My claim to speak today arises just because I was a student of this subject for many years, because I had something to do with it in earlier days and because some of my evidence, at least, was the first authoritative statement of principles which were later, I understand, the basis of J. M. Keynes's book, The Theory of Prices and Money, and certainly formed the basis of the activities of Governments in Scandinavia and elsewhere. They are principles which we work today. It may be that other people thought of those things at the same time, but I think I can say that the first authoritative statement then was in my evidence to the Macmillan Committee.
The problem, as I say, was mass unemployment and the use of the money system. I think that Scandinavia was the first to tackle this problem of using money and credit to see that unemployment was avoided and activity created, and the first to introduce a planned economy into the system. The first great 618 principle we set for this Labour movement in the early days has been realised, since all Governments now accept responsibility for the planning of our economy. As somebody once said, "We are all Socialists now".
There are two elements in planning. The first is what to do? That is a question of policy. The second is how to do it? That is a question largely of administration. If I were to give my own opinion I would say that I think that Government policy is a little too narrow and a little too passive.

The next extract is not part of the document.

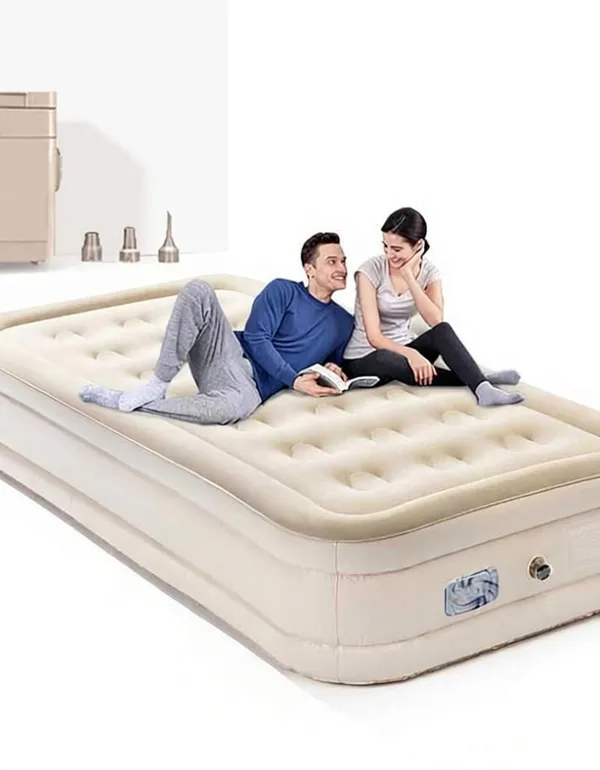 4_Seater_Inflatable_Air_Sofa_Cum_Bed_Cream_White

The Government are pledged to foster conditions in which the nation, if it so wills, realises its full potentialities for growth in terms of production and living standards. Those are the Chancellor's words, and we agree with the purpose at the end of them, but when is the nation ever likely not to will the realisation of its full potentialities in the growth of production and living standards? Surely we can all agree that that can be taken for granted. The nation wants to exercise and develop its full resources for production and for improving living standards, and the Government cannot just be passive and merely want to foster something which is developing.